On the complete convergence of moments in exact asymptotics under normal approximation

For the sums of the form $\overline I_s(\varepsilon) = \sum_{n\geqslant 1} n^{s-r/2}\mathbf{E}|S_n|^r\,\mathbf I[|S_n|\geqslant \varepsilon\,n^\gamma]$, where $S_n = X_1 +\dots + X_n$, $X_n$, $n\geqslant 1$, is a sequence of independent and identically distributed random variables (r.v.'s) $s+1 \geqslant 0$, $r\geqslant 0$, $\gamma>1/2$, and $\varepsilon>0$, new results on their behavior are provided. As an example, we obtain the following generalization of Heyde's result [J. Appl.
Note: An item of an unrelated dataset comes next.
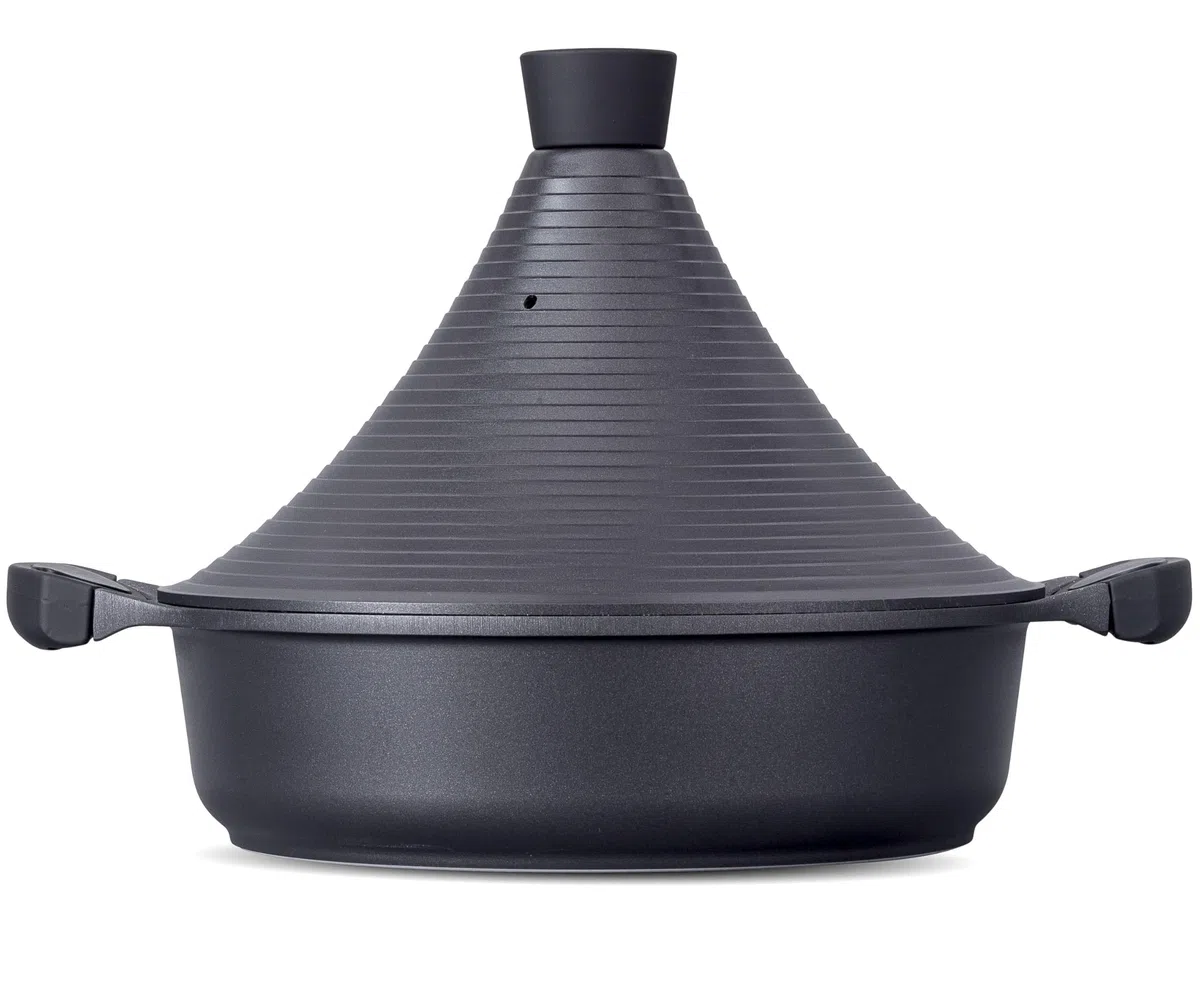 INTIGNIS® Tajine Marocchina 28cm 4,2L in Alluminio Tagine – Rivestimento Antiaderente Greblon – Compatibile Induzione, Gas, Elettrico – Lavastoviglie – Confezione Regalo Colore (Nero)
Probab., 12 (1975), pp. 173–175]: for any $r\geqslant 0$, $\lim_{\varepsilon\searrow 0}\varepsilon^{2}\sum_{n\geqslant 1} n^{-r/2} \mathbf{E}|S_n|^r\,\mathbf I[|S_n|\geqslant \varepsilon\, n] =\mathbf{E} |\xi|^{r+2}$ if and only if $\mathbf{E} X=0$ and $\mathbf{E} X^2=1$, and also $\mathbf{E}|X|^{2+r/2}<\infty$ if $r < 4$, $\mathbf{E}|X|^r<\infty$ if $r>4$, and $\mathbf{E} X^4 \ln{(1+|X|)}<\infty$ if $r=4$. Here, $\xi$ is a standard Gaussian r.v.